Jetzt möchte ich wissen, ob ich die eigentlich gute Lüftersteuerung meines Mainboards benutzen kann, oder ob ich eine LüfterSteuerung benötige.
Ich würde die Lüfter (2x BQ Silent Wings 2 \ 1x Bitfenix Spectre LED PWM \ 3x Gehäuse-Lüfter von Coolermaster) mit Y-Kabeln verbinden.
Jetzt meine Frage, geht das überhaupt? Habe 3x 120mm und 3x 140 mm Lüfter. Kann man zwei solche Lüfter in einem Kanal laufen lassen? 
Ich würde dann die beiden be quiet! Lüfter an einem, die beiden LED Lüfter und den 120mm Lüfter an der Rückseite mit dem 140mm an der Oberseite zusammen laufen lassen.

Ich hoffe mir kann jemand bei diesem speziellen Problem helfen.

Dank im Vorraus und beste Grüße


MatzeLP


----------



## v3nom (25. Oktober 2013)

*AW: (Mainboard-) Lüftersteuerung*

Die Lüftersteuerung bei Asus Boards gefällt mir richtig gut. Unter Windows kannst du mit FanXpert noch schöne Lüfterprofile für jeden Anschluss erstellen.

Ob du die beiden CPU Lüfter an einen oder zwei Anschlüsse anschließt sollte egal sein. Evtl. musst du im Bios gleiche PWM Werte einstellen (das weiß ich aber nicht, wahrscheinlich gelten die CPU_FAN Einstellungen für beide Anschlüsse).
Wahrscheinlich macht es mehr Sinn das Y-Kabel zu verwenden und den Bitfenix Spectre LED PWM an den 2. PWM Anschluss zu stecken.
Die restlichen 3 kannst du dann an die Case Fan Anschlüsse verteilen.
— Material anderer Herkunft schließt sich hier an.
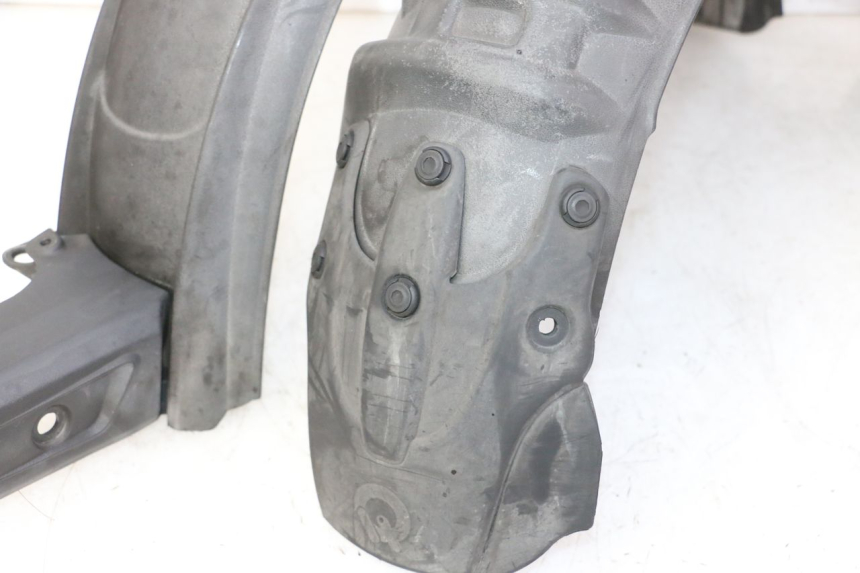 photo de KOTFLÜGEL HINTEN QUADRO 4 4D 350 (2015 - 2018) - Weitere Ansicht des Artikels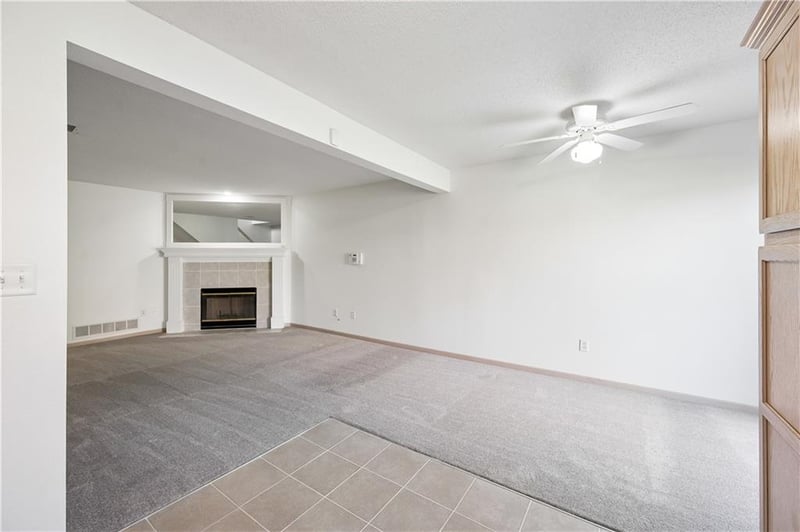 5542 Moonlight Meadow Dr, Lee's Summit, MO 64064
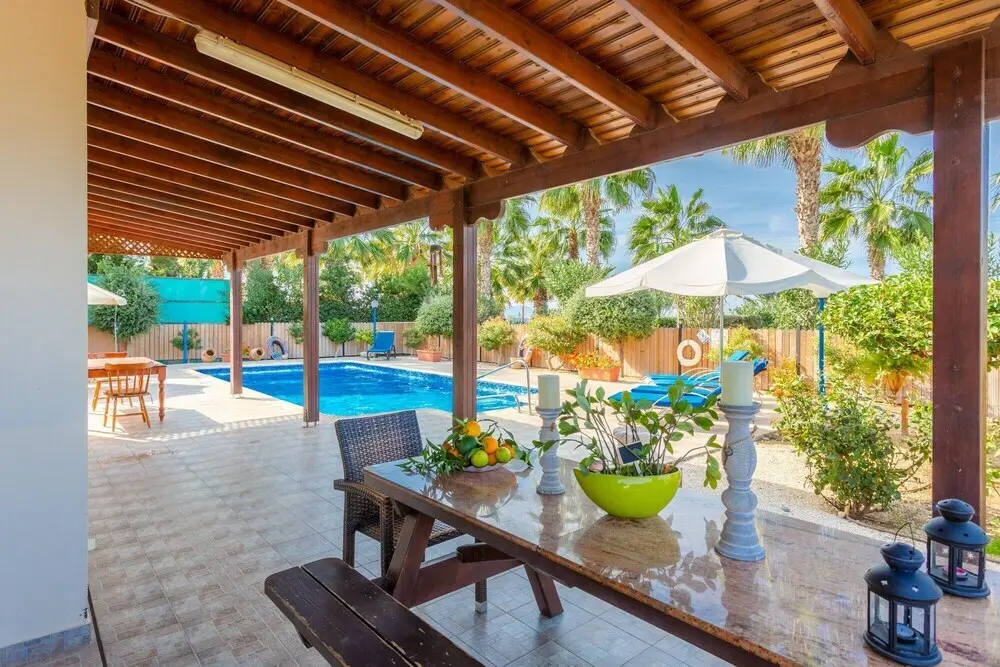 Аргака: Villa Jan Lui Large Private Pool Walk to Beach Sea Views A C Wifi Eco-friendly - 3296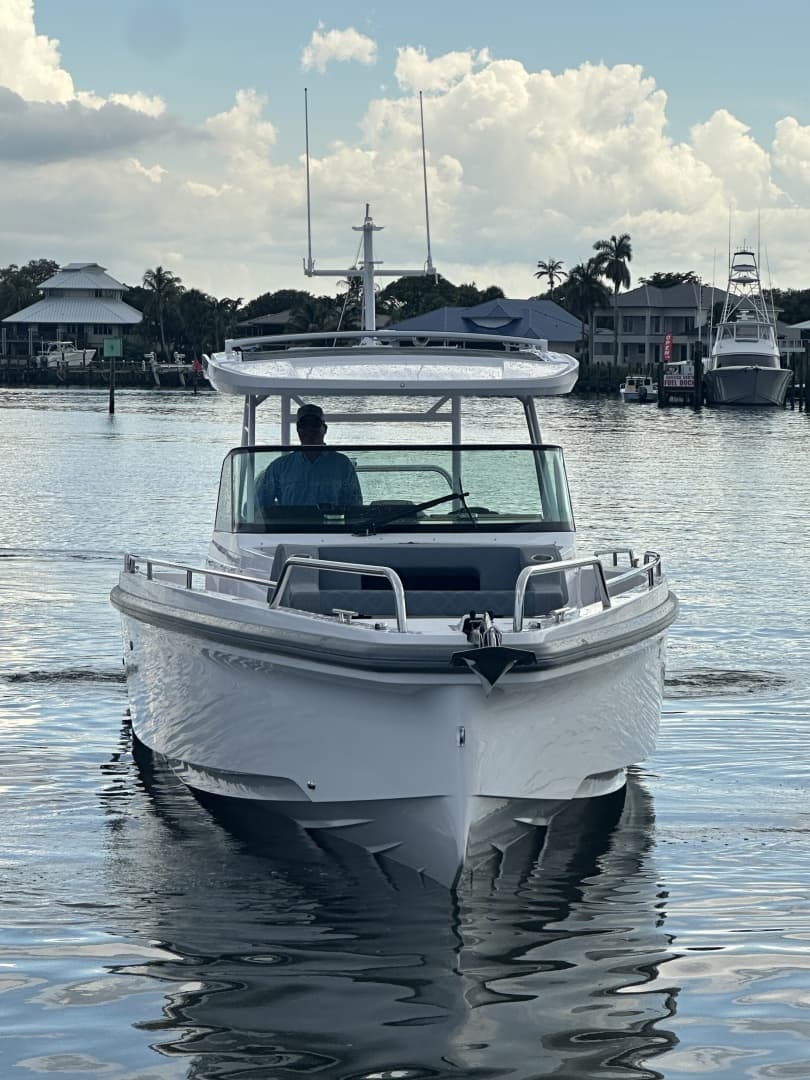 2024 Axopar 37 Sun-Top in vendita a Stuart, Florida Day Boats 4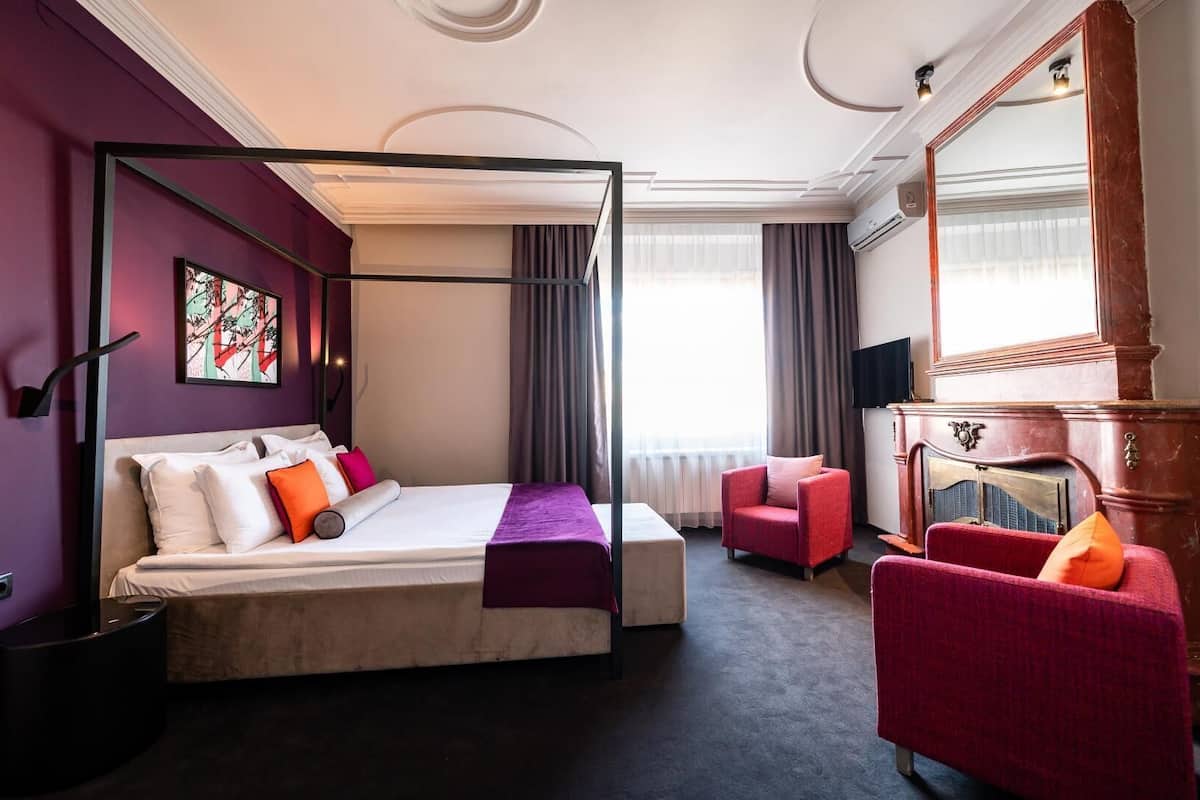 Premium tweepersoonskamer, 1 kingsize bed | 1 slaapkamer, luxe beddengoed, een minibar, een kluis op de kamer
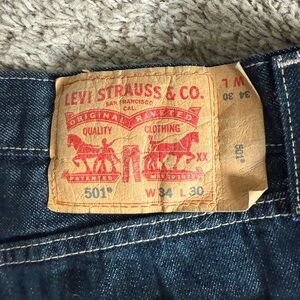 Levi's Classic Indigo Straight Jeans
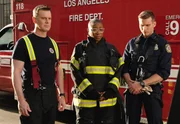 Eine Hochzeit endet in einer Tragödie, woraufhin Bobby (Peter Krause, l.), Hen (Aisha Hinds, M.), Buck (Oliver Stark, r.) und das Team versuchen, so viele Leben wie möglich zu retten ...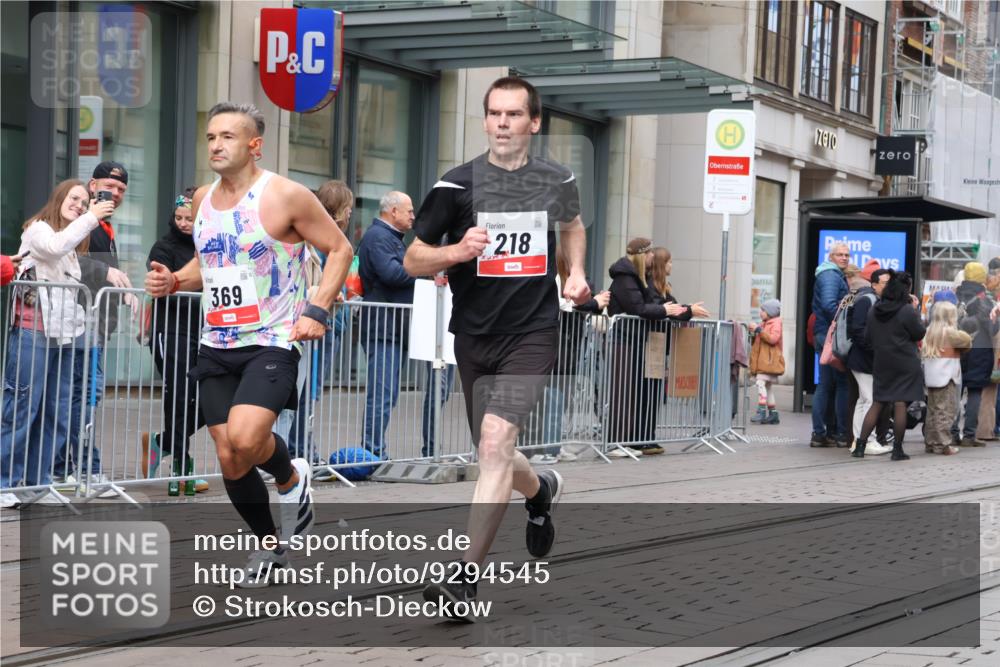 05.10.2025 - 20. swb-Marathon Bremen Strokosch-Dieckow http://msf.ph/oto/9294545 05.10.2025 12:51:08 Ziel 218, 369, 938, 1339, 1494, 1814, 1913, 5625, 8099, 218, 369, 938, 1339, 1494, 1814, 1913, 5625, 8099 meine-sportfotos.de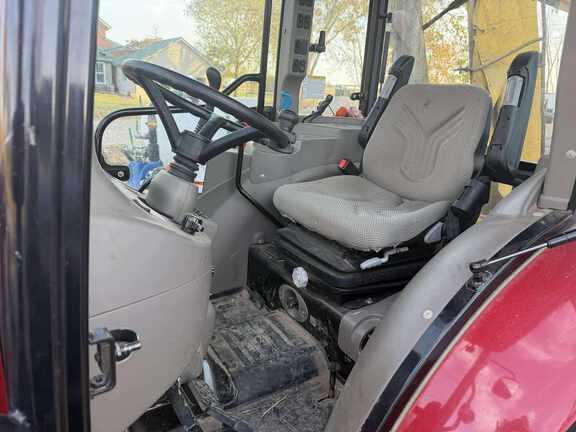 Image of Case IH Farmall 45C equipment image 1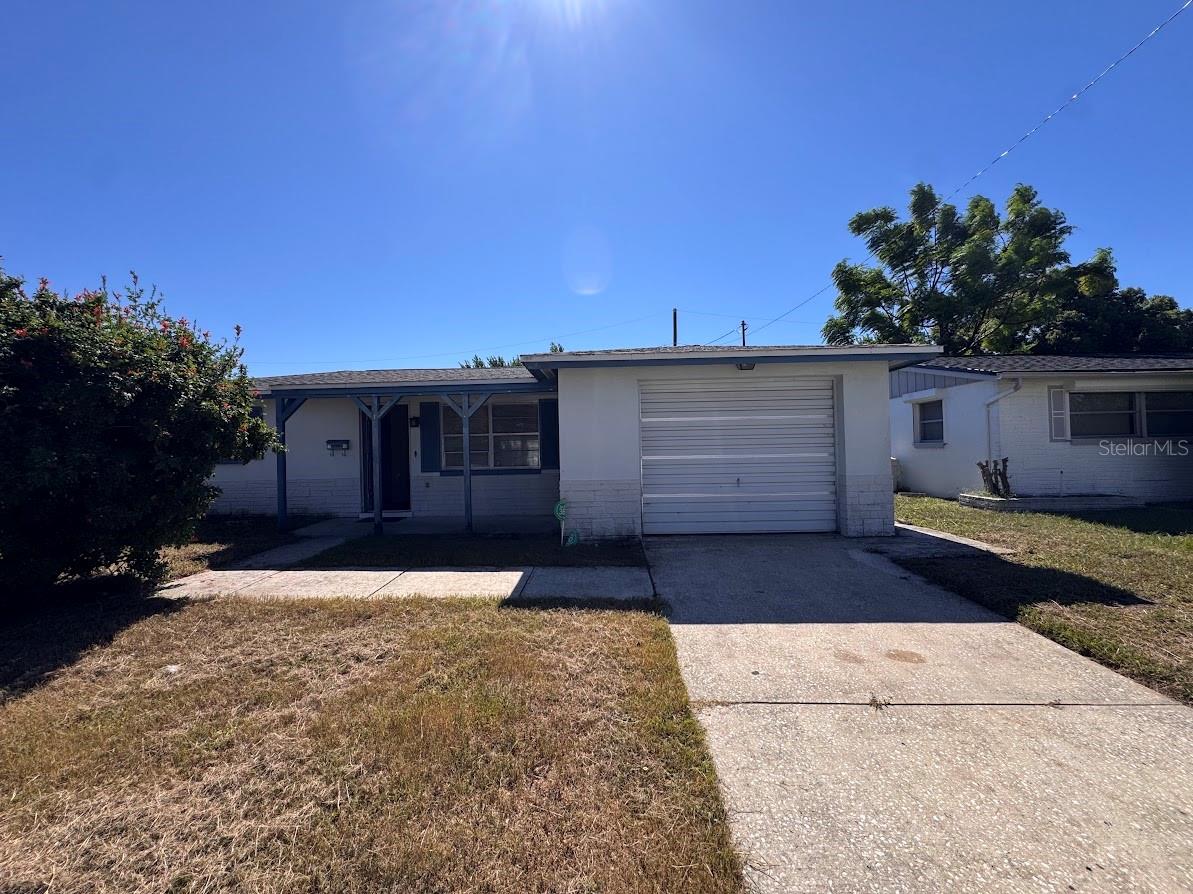 FOREST HILLS - Residential Lease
Auf keinen Fall sollten mehr als zwei Lüfter ihren Strom von einem Mainboard Anschluss bekommen, ich glaube die halten nicht soviel aus.


----------



## MatzeLP (25. Oktober 2013)

*AW: (Mainboard-) Lüftersteuerung*

Danke für die Antwort!
Also geht es, wenn man einen Gehäuse Lüfter in eine CPU-Lüfter Anschluss steckt. Und zwei Lüfter pro Kanal geht auch.
Das ist schön


----------



## v3nom (25. Oktober 2013)

*AW: (Mainboard-) Lüftersteuerung*

Gehäuselüfter an CPU_FAN macht mit PWM Lüftern am meisten Sinn.
Ich hab sogar 5 Lüfter dran: Akasa Flexa FP5 PWM 5-Way Splitter - Smart Fan Cable (AK-CBFA03-45) - FrozenCPU.com

Die bekommen Saft direkt vom NT (12V) und verteilen das PWM Signal an alle 5 Lüfter.


----------



## Fafafin (25. Oktober 2013)

Die beiden CPU-Lüfter (PWM) sollten mit dem beiliegenden Y-Kabel an den CPU_FAN-Anschluss (PWM) des Mainboards; obwohl
es dieses Asus-Board auch gestattet, die beiden Lüfter getrennt voneinander zu regeln an CPU_FAN und CPU_OPT (beide PWM).
Bei 6 Gehäuselüftern solltest du nicht 4 Stück an einen Anschluss hängen. So ein Lüfter benötigt 1-3 Watt und das ist bei 4 Stück zu viel für 1 Kanal. Mehr als 2 Lüfter pro Kanal würde ich nicht empfehlen. Und das Z87-A hat ja 3 geregelte Kanäle, also am besten 3x2 Lüfter anschließen oder 30-40 € in eine Lüftersteuerung investieren (z.B. BitFenix Recon).



v3nom schrieb:


> Gehäuselüfter an CPU_FAN macht mit PWM Lüftern am meisten Sinn.
> Ich hab sogar 5 Lüfter dran: Akasa Flexa FP5 PWM 5-Way Splitter - Smart Fan Cable (AK-CBFA03-45) - FrozenCPU.com
> 
> Die bekommen Saft direkt vom NT (12V) und verteilen das PWM Signal an alle 5 Lüfter.


 Funktioniert aber nur mit PWM-Gehäuselüftern!


----------



## MatzeLP (25. Oktober 2013)

*AW: (Mainboard-) Lüftersteuerung*

Danke an alle für die Antworten!
Wollte das so machen: 
2x CPU Lüfter in CPU- Fan
1x Coolermaster 120 mm in CPU_Opt
2x beQuiet 120 mm in einen Kanal
1x Bit Fenix Spectre LED 140 mm in einen Kanal
1x Coolermaster 140 mm LED in einen Kanal

Ist das so empfehlenswert?


----------